- About this exercise
Begin at the line with "FD-WORKSTUFF Dischi abrasivi" and set down each line exactly until the listing ends. Images stay out.

- Material provided
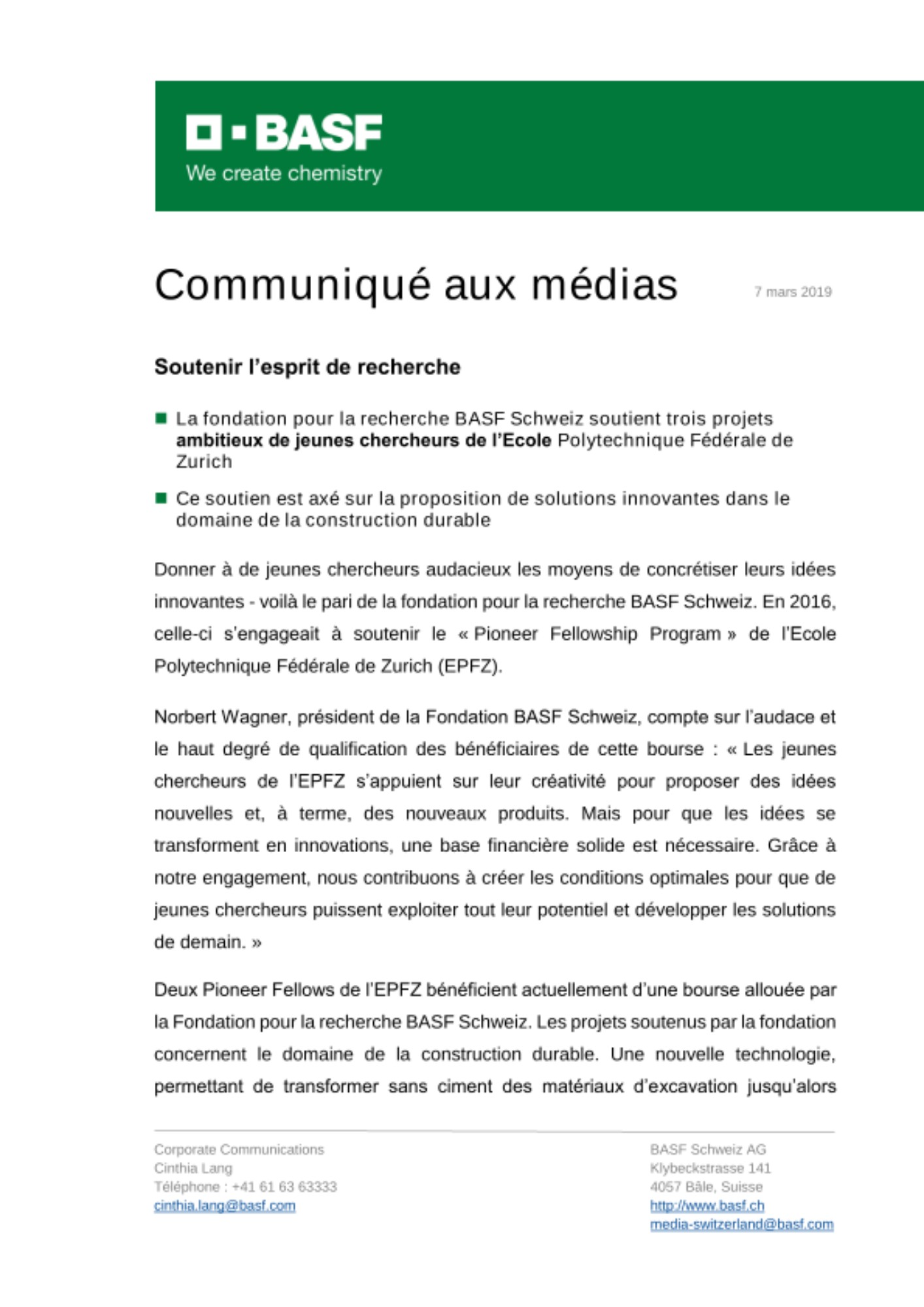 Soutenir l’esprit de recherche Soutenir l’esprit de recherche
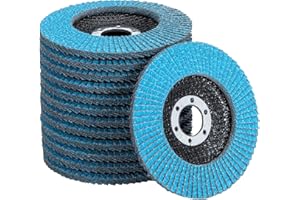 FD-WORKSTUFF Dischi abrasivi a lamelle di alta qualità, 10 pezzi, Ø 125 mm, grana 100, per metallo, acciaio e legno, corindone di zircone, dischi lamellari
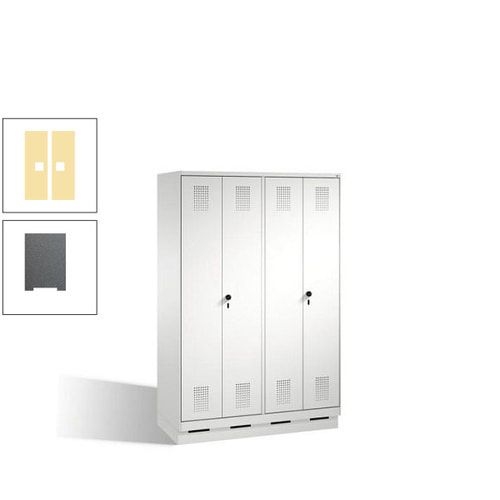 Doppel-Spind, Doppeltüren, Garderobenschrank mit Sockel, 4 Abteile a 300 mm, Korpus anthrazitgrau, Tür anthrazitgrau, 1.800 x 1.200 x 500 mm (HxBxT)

- Final answer
 FD-WORKSTUFF Dischi abrasivi a lamelle di alta qualità, 10 pezzi, Ø 125 mm, grana 100, per metallo, acciaio e legno, corindone di zircone, dischi lamellari
 Doppel-Spind, Doppeltüren, Garderobenschrank mit Sockel, 4 Abteile a 300 mm, Korpus anthrazitgrau, Tür anthrazitgrau, 1.800 x 1.200 x 500 mm (HxBxT)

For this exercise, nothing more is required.